[[ Records for processing open ]]

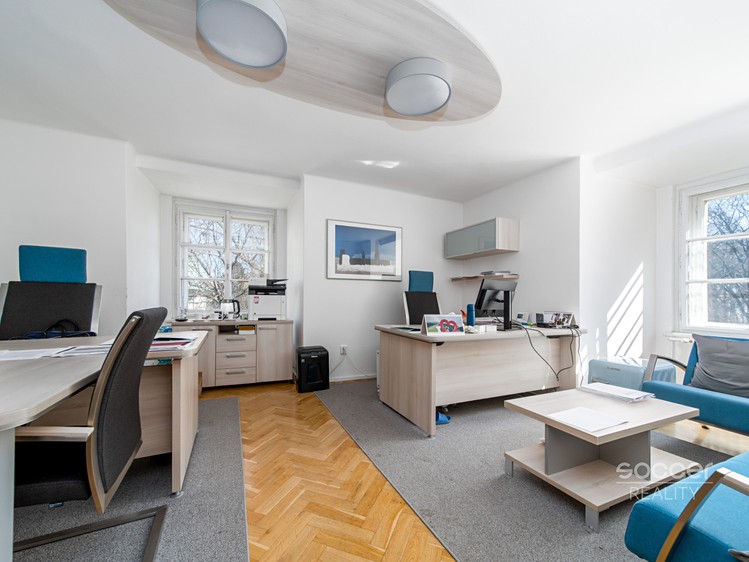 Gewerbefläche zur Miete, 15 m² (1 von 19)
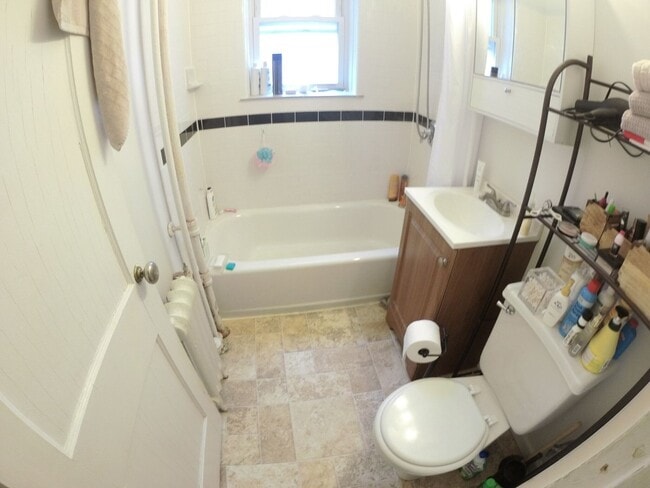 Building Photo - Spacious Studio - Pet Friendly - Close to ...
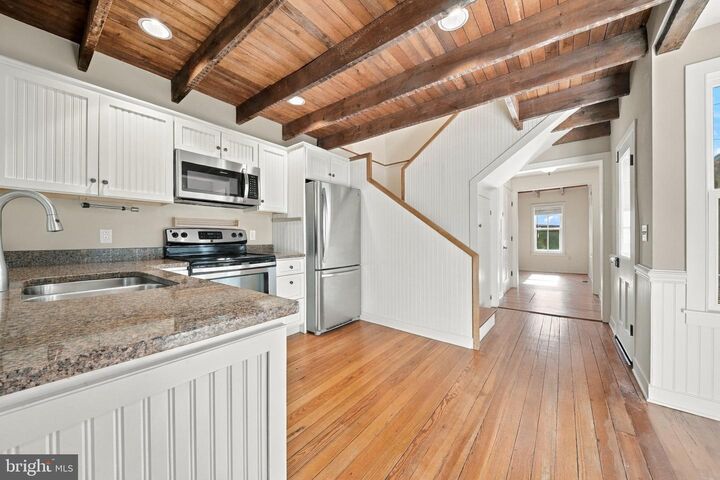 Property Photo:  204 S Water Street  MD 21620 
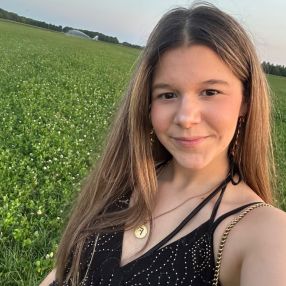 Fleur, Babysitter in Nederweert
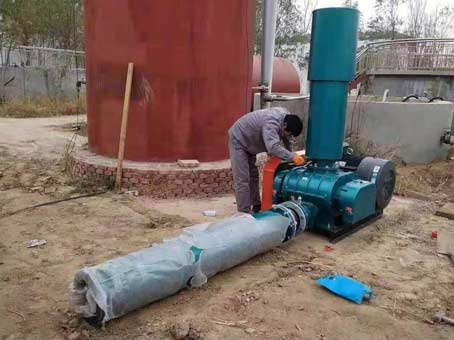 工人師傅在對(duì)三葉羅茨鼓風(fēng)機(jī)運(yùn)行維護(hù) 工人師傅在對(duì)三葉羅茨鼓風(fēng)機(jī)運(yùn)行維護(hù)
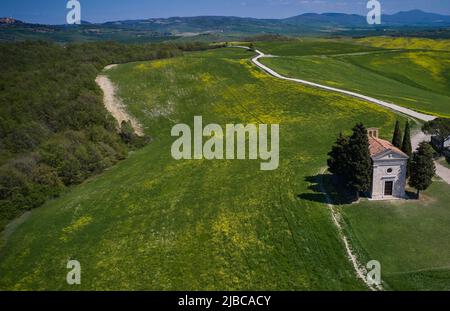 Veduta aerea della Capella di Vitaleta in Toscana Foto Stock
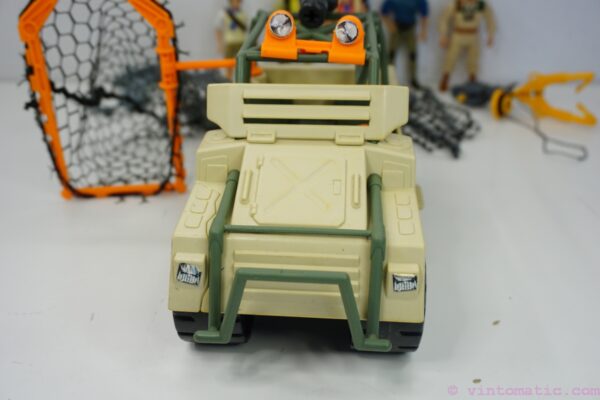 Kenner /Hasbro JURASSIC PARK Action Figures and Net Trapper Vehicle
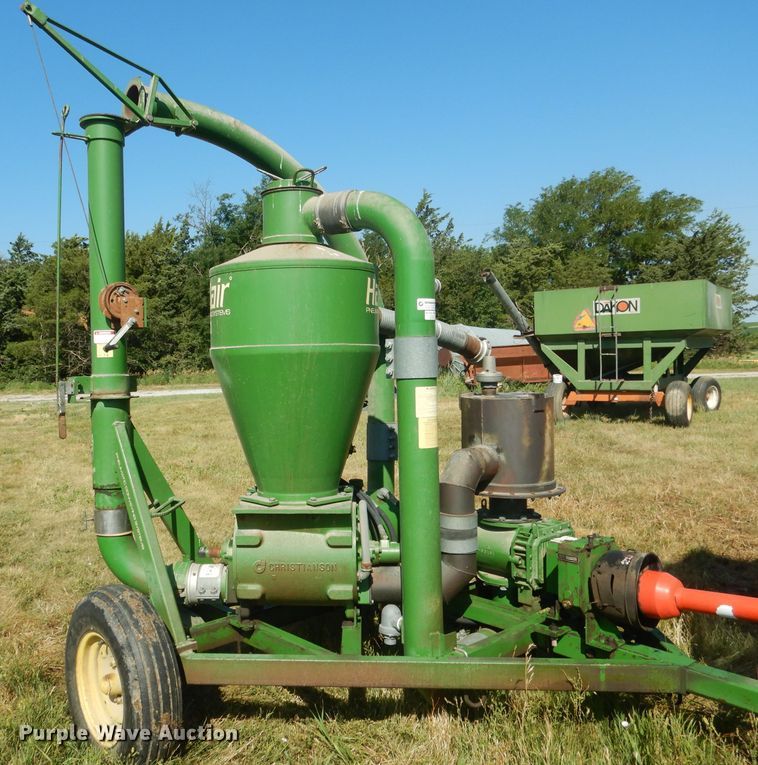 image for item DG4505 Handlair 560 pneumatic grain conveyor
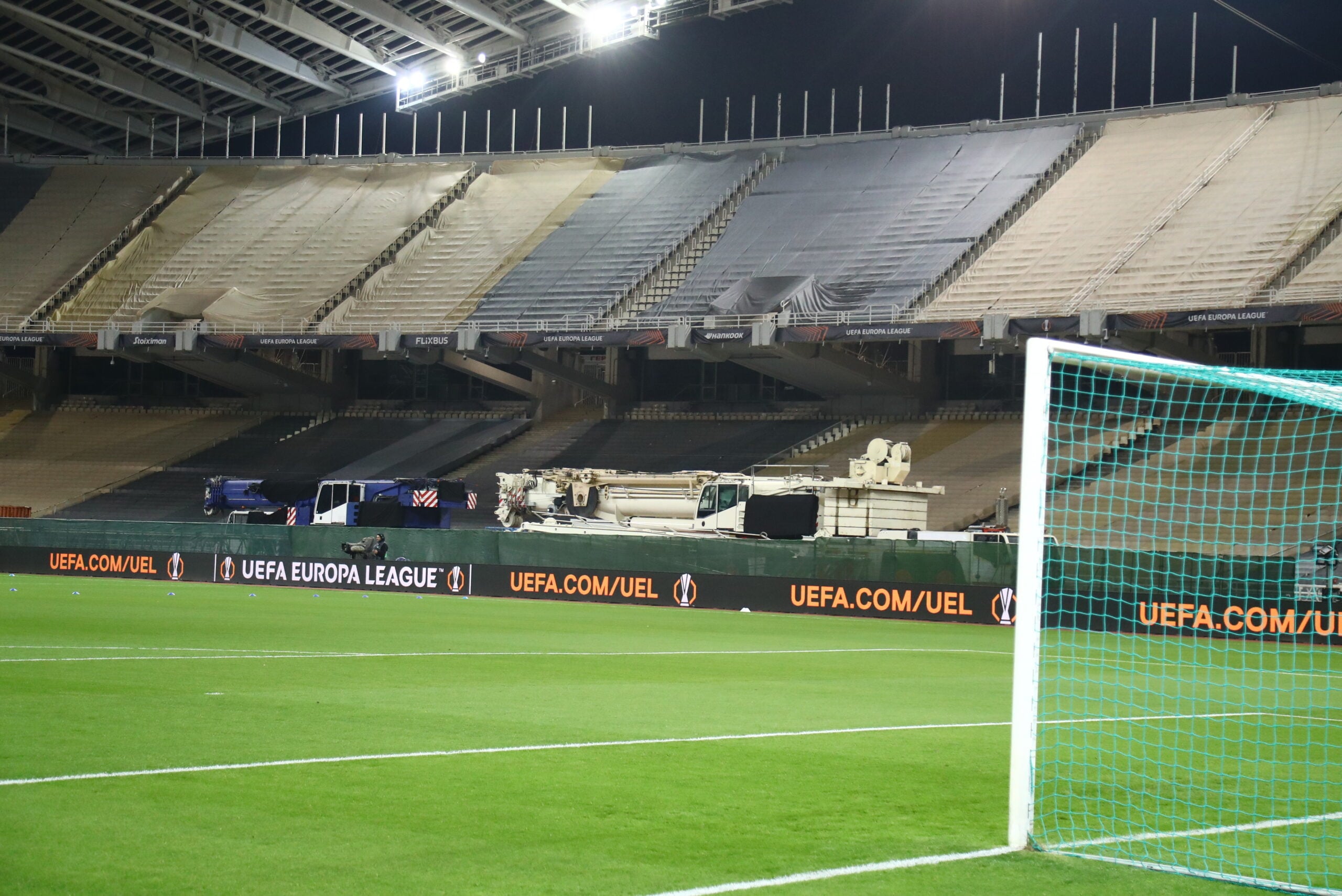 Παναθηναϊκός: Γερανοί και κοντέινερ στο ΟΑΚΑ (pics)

[[ Records for processing closed ]]

• _Your goal_: Please return the lines from the line with "Veduta aerea della" through the last line of the data, both included, exactly, and without pictures.

• _Written reply_:
 Veduta aerea della Capella di Vitaleta in Toscana Foto Stock
 Kenner /Hasbro JURASSIC PARK Action Figures and Net Trapper Vehicle
 image for item DG4505 Handlair 560 pneumatic grain conveyor
 Παναθηναϊκός: Γερανοί και κοντέινερ στο ΟΑΚΑ (pics)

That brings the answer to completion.